* _WHAT THE EXERCISE ASKS_: Please, in the data that follows, copy exactly the lines from the line with "cbse school in greater noida" through the last one, both included. Do not include pictures.

+++ PROVIDED RECORDS +++

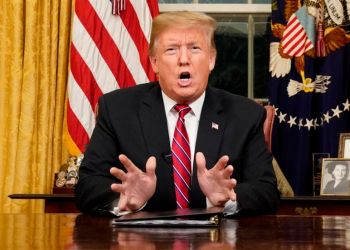 Estas palabras causan revuelo entre la política estadounidense y actual presidente Joe Biden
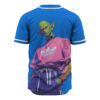 Piccolo Baseball Jersey, Dragon Ball Z Baseball Jersey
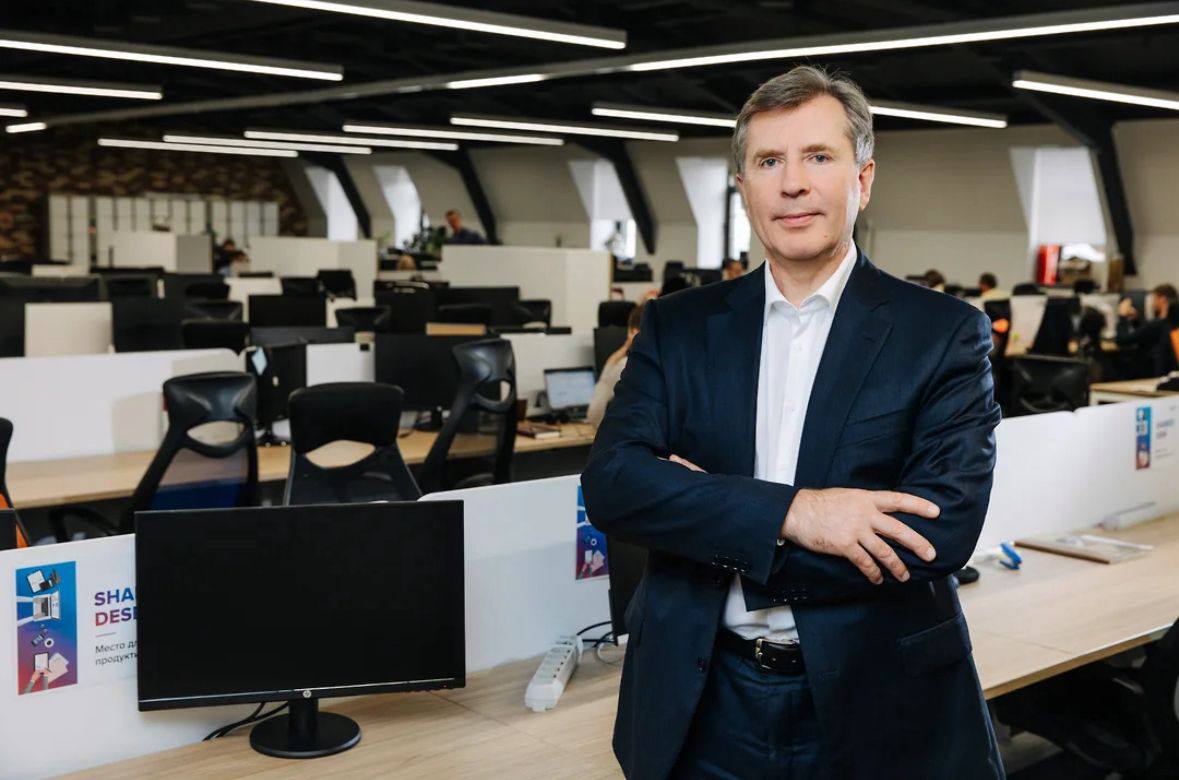 ceo softline ceo softline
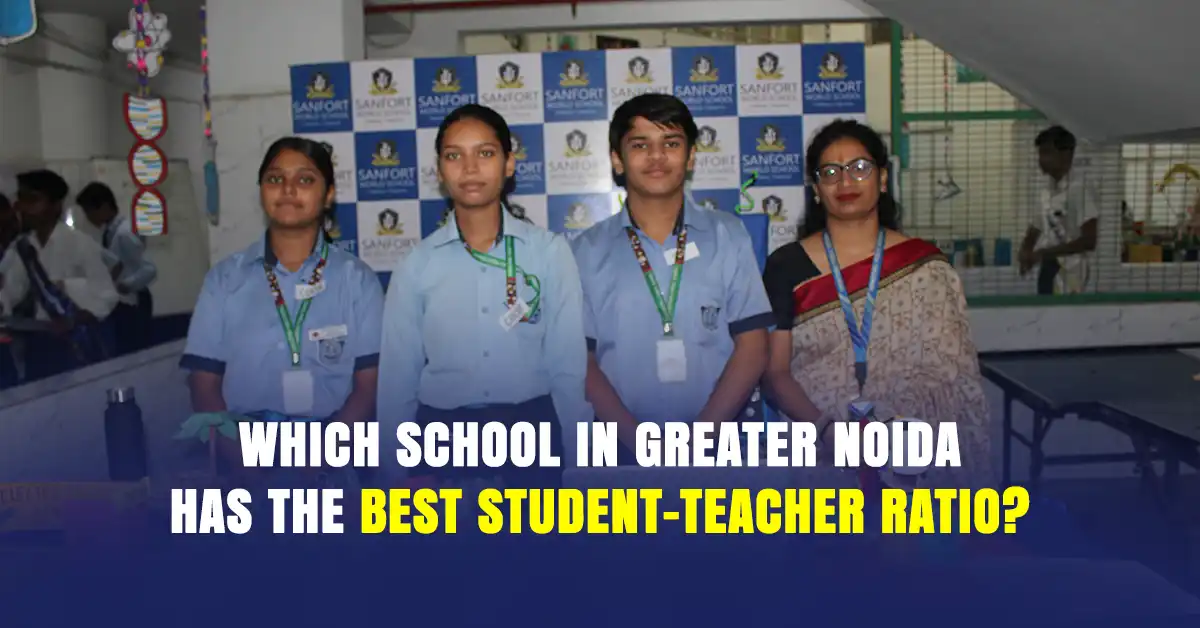 cbse school in greater noida
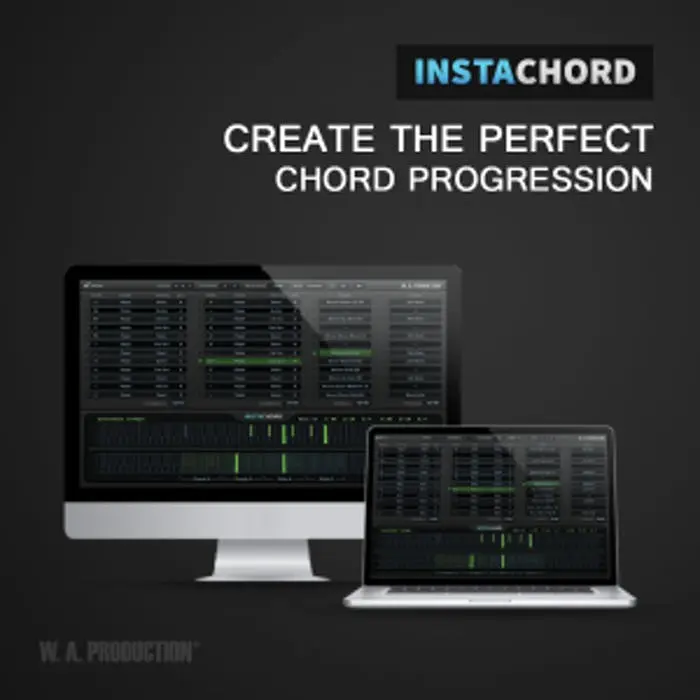 Deal: InstaChord & Expansions by W.A Production 92% off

+++

* _SOLUTION_:
 cbse school in greater noida
 Deal: InstaChord & Expansions by W.A Production 92% off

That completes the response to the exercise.